Let’s look at few concepts that you’ll need to write our first workflow.

Directed Acyclic Graphs

The DAG that we are building using Airflow

In Airflow, Directed Acyclic Graphs (DAGs) are used to create the workflows. DAGs are a high-level outline that define the dependent and exclusive tasks that can be ordered and scheduled.

We will work on this example DAG that reads data from 3 sources independently. Once that is completed, we initiate a Spark job to join the data on a key and write the output of the transformation to Redshift.

Defining a DAG enables the scheduler to know which tasks can be run immediately, and which have to wait for other tasks to complete. The Spark job has to wait for the three “read” tasks and populate the data into S3 and HDFS.

Scheduler

The Scheduler is the brains behind setting up the workflows in Airflow. As a user, interactions with the scheduler will be limited to providing it with information about the different tasks, and when it has to run. To ensure that Airflow knows all the DAGs and tasks that need to be run, there can only be one scheduler.

Operators

Operators are the “workers” that run our tasks. Workflows are defined by creating a DAG of operators. Each operator runs a particular task written as Python functions or shell command. You can create custom operators by extending the BaseOperator class and implementing the execute() method.

Tasks

Tasks are user-defined activities ran by the operators. They can be functions in Python or external scripts that you can call. Tasks are expected to be idempotent — no matter how many times you run a task, it needs to result in the same outcome for the same input parameters.

Note: Don’t confuse operators with tasks. Tasks are defined as “what to run?” and operators are “how to run”. For example, a Python function to read from S3 and push to a database is a task. The method that calls this Python function in Airflow is the operator. Airflow has built-in operators that you can use for common tasks.

Getting Started

To put these concepts into action, we’ll install Airflow and define our first DAG.

Installation and Folder structure

Airflow is easy (yet restrictive) to install as a single package.

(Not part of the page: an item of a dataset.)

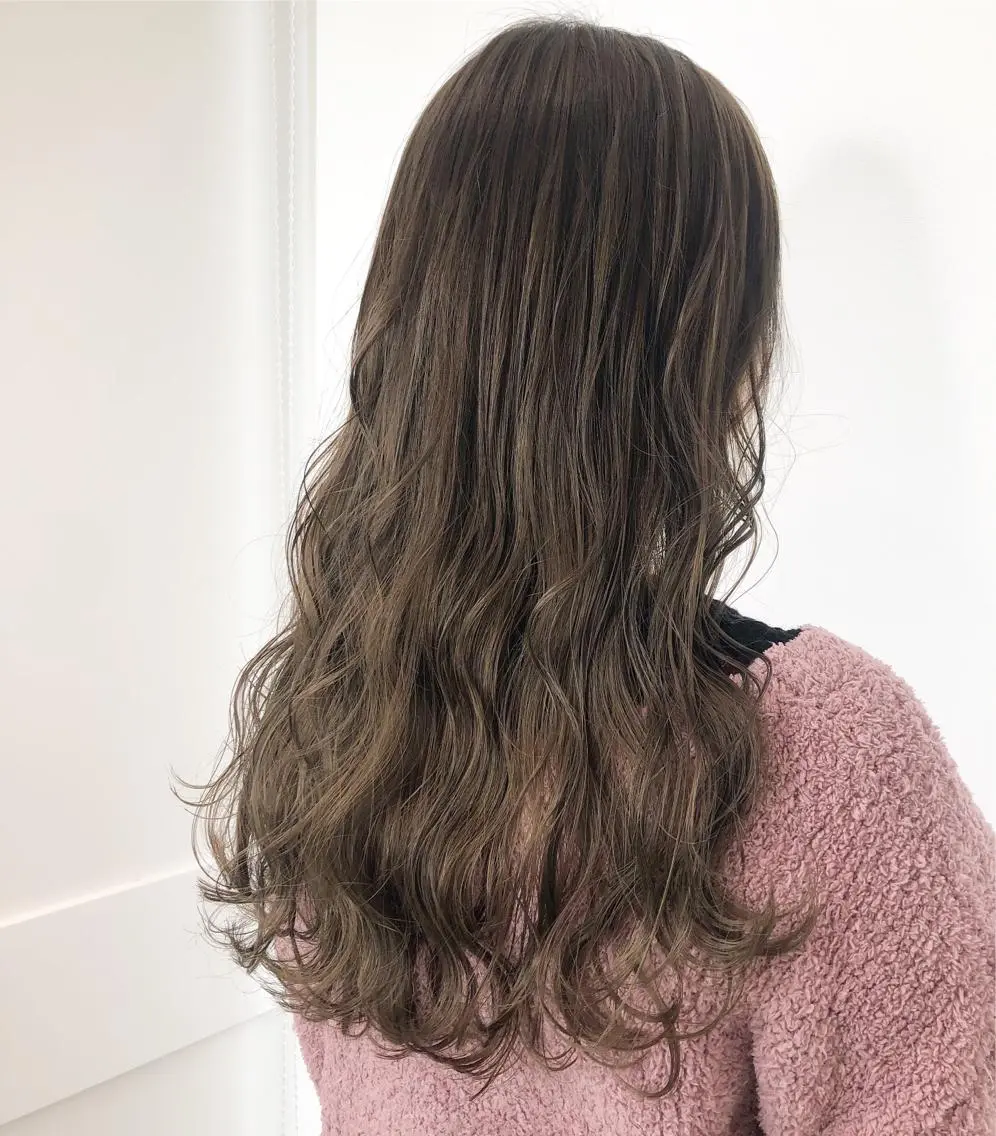 ロング カラー ベージュカラー ブリーチ ミルクティーベージュ ヘアカラー sano sayakaのヘアスタイル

Here is a typical folder structure for our environment to add DAGs, configure them and run them.

We create a new Python file my_dag.py and save it inside the dags folder.

Importing various packages

# airflow related
from airflow import DAG
from airflow.operators.python_operator import PythonOperator
from airflow.operators.bash_operator import BashOperator# other packages
from datetime import datetime
from datetime import timedelta

We import three classes, DAG, BashOperator and PythonOperator that will define our basic setup.

Setting up `default_args`

default_args = {
    'owner': 'airflow',
    'depends_on_past': False,
    'start_date': datetime(2018, 9, 1),
    'email_on_failure': False,
    'email_on_retry': False,
    'schedule_interval': '@daily',
    'retries': 1,
    'retry_delay': timedelta(seconds=5),
}

This helps setting up default configuration that applies to the DAG. This link provides more details on how to configure the default_args and the additional parameters available.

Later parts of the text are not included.